During that time, Ultimate Publishing gave us dozens and dozens of digests filled with good, old material. (I know, that’s an opinion. And probably wrong.) I have selected from these digests a rainbow of old stories worthy of your time.
Roy G. Biv!
“Danger. Red!” by O. H. Leslie (Henry Slesar) (from Fantastic, February 1958) appeared in The Most Thrilling Science Fiction Ever Told, No. 7, Winter 1967.
“Red Moon Rising” by Robert Bloch (from Amazing Science Fiction Stories, June 1958) appeared in Thrilling Science Fiction, October 1973.
“If The Red Slayer” by Robert Sheckley (from Amazing Science Fiction Stories, July 1959) appeared in The Most Thrilling Science Fiction Ever Told, No. 3, September 1966.
“The Red Telephone” by John Jakes (from Amazing Science Fiction Stories, April 1960) appeared in Great Science Fiction, Spring 1968.
“Secret of the Yellow Crystal” by Guy Archette (Chester S. Geier) (from Amazing Stories, April 1948) appeared in Science Fiction Adventures, March 1973.
“March of the Yellow Death” by Ellis Hart (Harlan Ellison) (from Fantastic, October 1957) appeared in The Most Thrilling Science Fiction Ever Told, No. 4, December 1966.
“Greenslaves” by Frank Herbert (from Amazing Stories, March 1965) appeared in SF Greats, Spring 1971.
“The Blue Plague” by Robert Silverberg (from Amazing Stories, July 1957) appeared in Science Fiction Greats, Winter 1969
Other Hues
“The Golden Amazon” by Thortnon Ayre (John Russell Fearn) (From Fantastic Adventures, July 1939) appeared in Science Fiction Adventures Classics, January 1974.
“The Golden Girl of Kalendar” by F. Orlin Tremaine (from Fantastic Adventures, September 1939) appeared in Science Fiction Adventures Classics, January 1974.
“Black and White” by Marion Zimmer Bradley (from Amazing Stories, November 1962) appeared in Thrilling Science Fiction, June 1972.
“Graygortch” by Don Wilcox (from Fantastic, April 1957) appeared in Great Science Fiction No. 6, March 1967.
“Greylorn” by Keith Laumer (from Amazing Science Fiction Stories, April 1959) appeared in Thrilling Science Fiction, July 1975.
“Valley of the Black Sun” by Leroy Yerxa (from Amazing Stories, April 1943) appeared in Science Fiction Adventure Classics, Fall 1971.
“Son of the Black Chalice” by Milton Lesser (from Amazing Stories, July 1952) appeared in Space Adventures, Spring 1971.

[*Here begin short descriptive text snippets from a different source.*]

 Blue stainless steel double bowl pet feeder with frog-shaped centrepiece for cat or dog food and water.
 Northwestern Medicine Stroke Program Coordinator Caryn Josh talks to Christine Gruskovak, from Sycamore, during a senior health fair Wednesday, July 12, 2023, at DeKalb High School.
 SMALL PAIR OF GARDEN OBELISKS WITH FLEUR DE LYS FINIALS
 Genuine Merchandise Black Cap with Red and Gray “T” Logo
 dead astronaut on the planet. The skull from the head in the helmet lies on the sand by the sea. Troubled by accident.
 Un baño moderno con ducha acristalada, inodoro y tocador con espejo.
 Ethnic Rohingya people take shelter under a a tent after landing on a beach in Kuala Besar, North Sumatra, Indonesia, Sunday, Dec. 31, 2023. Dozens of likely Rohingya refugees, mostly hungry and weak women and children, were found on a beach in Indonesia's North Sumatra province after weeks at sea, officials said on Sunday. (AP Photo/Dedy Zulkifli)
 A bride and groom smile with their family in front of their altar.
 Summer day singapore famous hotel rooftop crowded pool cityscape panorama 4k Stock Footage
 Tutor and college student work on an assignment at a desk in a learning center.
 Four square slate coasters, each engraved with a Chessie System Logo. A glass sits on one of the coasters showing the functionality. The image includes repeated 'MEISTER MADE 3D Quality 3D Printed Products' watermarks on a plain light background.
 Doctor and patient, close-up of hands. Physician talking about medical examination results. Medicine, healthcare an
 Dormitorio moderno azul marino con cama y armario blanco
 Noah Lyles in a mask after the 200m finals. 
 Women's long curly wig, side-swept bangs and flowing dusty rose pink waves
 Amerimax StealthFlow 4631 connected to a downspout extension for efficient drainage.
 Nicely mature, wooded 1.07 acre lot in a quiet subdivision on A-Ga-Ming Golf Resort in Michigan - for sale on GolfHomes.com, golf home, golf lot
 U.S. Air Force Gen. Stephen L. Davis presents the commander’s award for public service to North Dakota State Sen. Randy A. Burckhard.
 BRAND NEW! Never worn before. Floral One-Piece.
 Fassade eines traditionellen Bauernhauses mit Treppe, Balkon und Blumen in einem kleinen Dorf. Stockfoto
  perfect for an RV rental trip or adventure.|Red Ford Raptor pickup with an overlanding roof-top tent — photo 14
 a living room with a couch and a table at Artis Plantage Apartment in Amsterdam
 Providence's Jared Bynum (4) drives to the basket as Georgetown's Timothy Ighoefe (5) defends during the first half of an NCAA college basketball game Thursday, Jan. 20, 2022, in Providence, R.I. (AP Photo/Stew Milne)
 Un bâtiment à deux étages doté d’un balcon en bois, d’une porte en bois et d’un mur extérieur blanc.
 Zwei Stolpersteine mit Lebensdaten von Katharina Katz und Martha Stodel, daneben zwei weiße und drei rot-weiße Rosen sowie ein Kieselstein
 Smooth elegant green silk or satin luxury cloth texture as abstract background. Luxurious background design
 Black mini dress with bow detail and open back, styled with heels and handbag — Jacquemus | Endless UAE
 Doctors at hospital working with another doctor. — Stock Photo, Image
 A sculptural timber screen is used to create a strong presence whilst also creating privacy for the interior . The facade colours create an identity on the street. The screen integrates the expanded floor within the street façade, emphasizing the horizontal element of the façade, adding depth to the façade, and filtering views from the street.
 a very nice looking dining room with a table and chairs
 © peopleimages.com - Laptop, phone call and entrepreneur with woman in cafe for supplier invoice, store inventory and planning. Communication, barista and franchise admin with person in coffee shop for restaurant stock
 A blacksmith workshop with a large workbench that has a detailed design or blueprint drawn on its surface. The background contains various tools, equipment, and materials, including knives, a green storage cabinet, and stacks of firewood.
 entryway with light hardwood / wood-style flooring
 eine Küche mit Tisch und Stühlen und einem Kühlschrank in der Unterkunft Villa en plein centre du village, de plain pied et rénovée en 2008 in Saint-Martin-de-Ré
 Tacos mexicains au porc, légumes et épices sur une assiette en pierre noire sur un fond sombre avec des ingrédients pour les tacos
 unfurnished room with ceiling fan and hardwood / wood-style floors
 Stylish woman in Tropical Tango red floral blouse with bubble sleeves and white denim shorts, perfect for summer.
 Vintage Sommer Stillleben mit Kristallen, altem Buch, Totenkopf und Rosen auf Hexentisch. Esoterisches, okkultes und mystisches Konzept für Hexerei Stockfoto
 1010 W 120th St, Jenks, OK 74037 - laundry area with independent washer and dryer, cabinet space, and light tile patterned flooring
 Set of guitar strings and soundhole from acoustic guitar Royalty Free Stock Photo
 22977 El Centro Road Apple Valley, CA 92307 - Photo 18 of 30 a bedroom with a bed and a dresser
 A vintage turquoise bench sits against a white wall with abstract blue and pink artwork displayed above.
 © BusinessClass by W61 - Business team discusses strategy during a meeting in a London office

“The Lavender Talent” by Gerald Vance (Henry Slesar) (from Fantastic, March 1958) appeared in The Most Thrilling Science Fiction Ever Told, Spring 1968.
Conclusion
The presence of color in titles isn’t really important. They just add spice. Consider “The Valley of the Black Sun”. That could be “The Valley of the Sun” but then it would sound like a Louis L’Amour collection. Adding “black” makes that more unusual and more likely SF. Also consider what colors were not used. There is no “Orange” here. More unusual, no “Purple”, “Indigo” or “Violet”. Perhaps just a little too pulpy? Maybe but Leigh Brackett once bragged she could sell a story with the title “Purple Priestess of the Mad Moon” and to the most literary of SF magazines. Which she did when the story appeared in Fantasy & Science Fiction (October 1964). She was that good.
As to the quality of the rest…the names are familiar to fans of Ray A. Palmer’s pulps, Guy Archette, Thortnon Ayre, Don Wilcox, Leroy Yerxa and Robert Bloch (when he wasn’t doing Weird Tales horror) as well as the high production writers of the 1950s like Robert Silverberg, Milton Lesser, Harlan Ellison (before his New Wave years) and Henry Slesar (usually under a pseudonym). The young stars who weren’t part of that include John Jakes, Marion Zimmer Bradley, Keith Laumer and Frank Herbert, all to find bestseller success later. Quality is in the eye of the beholder, I suppose, but always something interesting here.